Delivering a baby takes a lot out of you. But it puts a lot in you as well. There have been many times I have done many things that my motivation was that I gave natural child birth. I was in labor for a total of 30 hours. The only thing close I can determine is running a marathon I have done half marathons and that only takes me 3 hours max. I did my first half marathon about 5 years ago and felt the same way at the finish. I was happy but could not quite muster a smile so much because I was too slow not good enough…
Motherhood is a lot like my journey of delivery. Planning for the best way and things not going as planned but in the end the result works out. The journey is not always exactly what we wanted so we kind of feel like we failed. We are human and we are all flawed and are secretly perfectionists so we struggle to see the good things that happen because it didn’t go quite as we planned it. Not that it isn’t good enough or even awesome. We as moms need to realize just giving life is amazing and it is okay to celebrate that, no mater how the experience went. You grew a baby inside your body for 9 months. Your reward is painful in delivery but joyful for years to come!
Then as we grow and mature in motherhood we struggle more each day. We get tired in life. Sometimes it is okay to celebrate just the fact that our kids are not dead at the end of the day. Small victories need to be noticed! The Girl was a fussy baby and I felt like a failure. Now she is a preteen and sometimes a bit of a diva and I feel like a failure in those moments. She has one quality I am so glad that she does and that is picking her friends. I wrote a letter to her when she was still in the womb that said I wanted her to develop good boundaries and not let people treat her badly. She only picks friend who are nice to her and people around her. She had a sleepover last night with 7 girlfriends and they had no drama. They all played together, no power trips, no drama. I am proud of her for that. I will celebrate a win for that!
When our first child is born our motherhood is born. We are just as young as they are let’s give ourselves some grace. In every moment we moms feel like we failed or didn’t do a good enough job remember that. I can look back now at the birth of my baby girl and say I did a great thing that day. It is hard for me to even say I did anything, she was the star that day! Welcome to the world Little Girl!

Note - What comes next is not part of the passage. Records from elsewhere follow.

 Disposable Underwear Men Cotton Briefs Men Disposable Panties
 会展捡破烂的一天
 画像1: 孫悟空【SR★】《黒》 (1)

When I was pregnant I wrote her a letter and I think it might be time to have her read it. Some of the things I wanted her to know and understand and not get mixed up in the drama of life and she has not! I love that she is confident enough to just not hang out with people who don’t treat her or others nicely! I hope as she discovers the preteen and teen years that she will continue her strong confident journey to becoming a better woman more confident woman than I am.
Happy Birthday to my girl!!! Have a great Saturday everyone!